# Free Knit Graphing Software



## DOLDOL (Feb 28, 2011)

Knit Design studio has their design grafting software for free at this website: http://savannahwinds.weebly.com/knit-design-studio.html


----------



## mrscp1946 (Mar 26, 2011)

looks great will enjoy playing with it thanks for link


----------



## btibbs70 (Mar 23, 2011)

Thanks for the link. I'm new to knitting (<1yr), and I love adding to my "bag of tricks." Can't wait to learn the program!


----------



## Star58 (Apr 6, 2011)

Thanks a lot for the website. I'm going to try my hand at designing and this will be useful


----------



## BGP6 (Mar 8, 2011)

Will it work for MAC? I got rid of my PC last year.


----------



## pamela Lehmann (Jan 24, 2011)

Couldn't figure it out for my Mac.

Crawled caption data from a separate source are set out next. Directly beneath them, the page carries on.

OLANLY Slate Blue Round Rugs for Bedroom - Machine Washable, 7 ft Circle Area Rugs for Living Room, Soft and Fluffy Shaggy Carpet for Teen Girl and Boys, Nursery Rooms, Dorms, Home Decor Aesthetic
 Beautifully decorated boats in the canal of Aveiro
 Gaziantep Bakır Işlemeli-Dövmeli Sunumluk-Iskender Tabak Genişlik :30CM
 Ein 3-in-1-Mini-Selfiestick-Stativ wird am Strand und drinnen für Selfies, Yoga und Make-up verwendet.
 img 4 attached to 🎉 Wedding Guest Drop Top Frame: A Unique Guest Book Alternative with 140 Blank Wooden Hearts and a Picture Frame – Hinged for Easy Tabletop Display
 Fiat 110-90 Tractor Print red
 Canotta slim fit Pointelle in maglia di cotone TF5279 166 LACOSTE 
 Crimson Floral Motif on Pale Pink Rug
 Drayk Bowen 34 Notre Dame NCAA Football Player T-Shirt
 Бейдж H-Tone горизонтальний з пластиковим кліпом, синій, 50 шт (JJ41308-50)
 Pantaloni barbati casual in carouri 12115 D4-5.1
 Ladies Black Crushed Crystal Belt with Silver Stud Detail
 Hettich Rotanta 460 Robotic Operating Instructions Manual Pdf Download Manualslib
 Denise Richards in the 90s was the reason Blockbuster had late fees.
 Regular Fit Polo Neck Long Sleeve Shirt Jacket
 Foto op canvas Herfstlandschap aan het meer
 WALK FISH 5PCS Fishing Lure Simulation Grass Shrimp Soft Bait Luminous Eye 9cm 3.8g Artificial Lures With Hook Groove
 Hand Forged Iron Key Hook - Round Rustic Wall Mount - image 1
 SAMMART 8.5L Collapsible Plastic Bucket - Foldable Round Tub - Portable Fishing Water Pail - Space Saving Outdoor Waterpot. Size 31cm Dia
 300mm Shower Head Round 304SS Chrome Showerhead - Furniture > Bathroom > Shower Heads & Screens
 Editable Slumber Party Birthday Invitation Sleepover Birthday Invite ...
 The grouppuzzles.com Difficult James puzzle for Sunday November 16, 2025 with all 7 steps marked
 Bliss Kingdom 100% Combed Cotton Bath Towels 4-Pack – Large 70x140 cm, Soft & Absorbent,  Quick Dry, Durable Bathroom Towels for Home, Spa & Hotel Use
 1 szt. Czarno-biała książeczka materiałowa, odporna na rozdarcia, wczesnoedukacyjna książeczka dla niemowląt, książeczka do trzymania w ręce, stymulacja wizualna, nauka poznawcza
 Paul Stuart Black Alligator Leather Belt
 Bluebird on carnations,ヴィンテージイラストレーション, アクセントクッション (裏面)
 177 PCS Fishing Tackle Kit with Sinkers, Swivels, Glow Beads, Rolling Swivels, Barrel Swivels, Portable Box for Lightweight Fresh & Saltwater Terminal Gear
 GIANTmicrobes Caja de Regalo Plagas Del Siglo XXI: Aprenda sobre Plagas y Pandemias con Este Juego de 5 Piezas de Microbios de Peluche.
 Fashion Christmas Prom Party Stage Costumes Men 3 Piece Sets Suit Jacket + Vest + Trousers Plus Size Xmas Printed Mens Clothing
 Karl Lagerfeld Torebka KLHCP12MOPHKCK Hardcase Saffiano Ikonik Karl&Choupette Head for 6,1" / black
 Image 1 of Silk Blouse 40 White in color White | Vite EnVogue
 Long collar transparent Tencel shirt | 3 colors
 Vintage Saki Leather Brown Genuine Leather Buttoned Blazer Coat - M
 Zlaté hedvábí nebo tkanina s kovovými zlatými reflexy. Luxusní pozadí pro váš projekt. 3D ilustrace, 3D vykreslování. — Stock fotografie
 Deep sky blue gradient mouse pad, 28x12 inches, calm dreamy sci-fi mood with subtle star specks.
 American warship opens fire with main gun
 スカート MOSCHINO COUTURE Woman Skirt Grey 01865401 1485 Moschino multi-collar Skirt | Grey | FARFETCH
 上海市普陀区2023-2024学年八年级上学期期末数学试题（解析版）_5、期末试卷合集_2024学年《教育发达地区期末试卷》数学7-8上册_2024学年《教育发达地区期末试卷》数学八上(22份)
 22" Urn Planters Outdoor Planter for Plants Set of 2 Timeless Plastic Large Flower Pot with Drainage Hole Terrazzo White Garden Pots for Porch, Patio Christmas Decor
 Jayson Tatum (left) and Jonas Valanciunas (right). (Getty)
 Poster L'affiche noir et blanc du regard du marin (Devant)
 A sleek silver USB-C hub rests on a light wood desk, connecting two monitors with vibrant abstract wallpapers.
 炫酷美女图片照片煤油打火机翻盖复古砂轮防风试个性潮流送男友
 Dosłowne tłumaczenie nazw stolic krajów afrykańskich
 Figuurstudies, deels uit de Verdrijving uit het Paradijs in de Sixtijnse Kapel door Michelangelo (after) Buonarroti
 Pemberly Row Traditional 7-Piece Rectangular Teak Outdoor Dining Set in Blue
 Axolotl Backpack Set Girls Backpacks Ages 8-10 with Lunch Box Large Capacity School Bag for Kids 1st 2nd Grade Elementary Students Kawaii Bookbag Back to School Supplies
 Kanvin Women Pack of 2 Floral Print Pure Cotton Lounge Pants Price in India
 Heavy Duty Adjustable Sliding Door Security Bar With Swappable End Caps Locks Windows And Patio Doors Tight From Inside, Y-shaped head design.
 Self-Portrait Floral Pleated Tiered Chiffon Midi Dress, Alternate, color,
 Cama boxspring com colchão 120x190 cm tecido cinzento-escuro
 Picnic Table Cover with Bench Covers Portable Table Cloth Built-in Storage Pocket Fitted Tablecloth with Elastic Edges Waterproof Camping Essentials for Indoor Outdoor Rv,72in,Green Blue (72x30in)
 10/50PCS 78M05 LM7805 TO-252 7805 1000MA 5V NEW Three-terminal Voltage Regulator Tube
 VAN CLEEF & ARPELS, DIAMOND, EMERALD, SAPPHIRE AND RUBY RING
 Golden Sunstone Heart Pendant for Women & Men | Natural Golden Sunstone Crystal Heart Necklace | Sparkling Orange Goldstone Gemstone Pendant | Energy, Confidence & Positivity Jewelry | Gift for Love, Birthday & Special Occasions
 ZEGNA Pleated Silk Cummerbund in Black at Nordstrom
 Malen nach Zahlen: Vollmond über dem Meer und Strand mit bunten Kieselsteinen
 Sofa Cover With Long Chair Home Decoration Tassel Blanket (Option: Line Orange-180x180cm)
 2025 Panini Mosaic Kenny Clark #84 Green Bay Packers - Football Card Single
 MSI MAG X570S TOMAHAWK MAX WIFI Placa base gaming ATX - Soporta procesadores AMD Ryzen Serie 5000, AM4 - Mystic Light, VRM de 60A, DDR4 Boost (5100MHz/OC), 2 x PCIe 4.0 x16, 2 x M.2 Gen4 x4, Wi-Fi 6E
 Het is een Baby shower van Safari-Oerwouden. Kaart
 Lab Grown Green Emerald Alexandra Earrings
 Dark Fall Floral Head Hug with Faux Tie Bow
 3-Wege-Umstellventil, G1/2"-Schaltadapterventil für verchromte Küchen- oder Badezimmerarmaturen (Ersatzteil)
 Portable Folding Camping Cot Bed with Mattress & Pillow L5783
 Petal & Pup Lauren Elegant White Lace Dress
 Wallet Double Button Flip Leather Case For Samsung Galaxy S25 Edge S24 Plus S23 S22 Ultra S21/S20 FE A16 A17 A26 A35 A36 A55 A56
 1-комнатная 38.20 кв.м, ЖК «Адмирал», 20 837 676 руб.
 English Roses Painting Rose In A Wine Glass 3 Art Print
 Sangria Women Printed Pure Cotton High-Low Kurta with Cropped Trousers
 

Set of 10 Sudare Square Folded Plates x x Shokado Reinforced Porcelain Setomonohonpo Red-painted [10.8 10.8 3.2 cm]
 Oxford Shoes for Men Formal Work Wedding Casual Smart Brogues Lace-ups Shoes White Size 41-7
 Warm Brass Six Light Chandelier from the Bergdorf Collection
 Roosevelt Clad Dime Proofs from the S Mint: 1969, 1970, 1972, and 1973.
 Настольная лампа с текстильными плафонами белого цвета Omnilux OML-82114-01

If anyone gets it, please share the instructions.
Thanks.


----------



## CamillaDesertMouse (Mar 19, 2011)

I use a PC and cannot get the KDS to open after d/l, installing...
any suggestions?
I rebooted, uninstalled and installed again many times too.


----------



## izzy (Jan 30, 2011)

Thanks for the site tip ... always fun to try new things !


----------



## clogden21 (Jan 25, 2011)

thank you that is a pretty cool program, I wish it took your graph and converted it to a written pattern.



DOLDOL said:


> Knit Design studio has their design grafting software for free at this website: http://savannahwinds.weebly.com/knit-design-studio.html


----------



## CamillaDesertMouse (Mar 19, 2011)

DOLDOL said:



> Knit Design studio has their design grafting software for free at this website: http://savannahwinds.weebly.com/knit-design-studio.html


Yes ...thank you so much Doldol


----------



## Mimo (Jun 27, 2013)

Awesome, thank you for the link


----------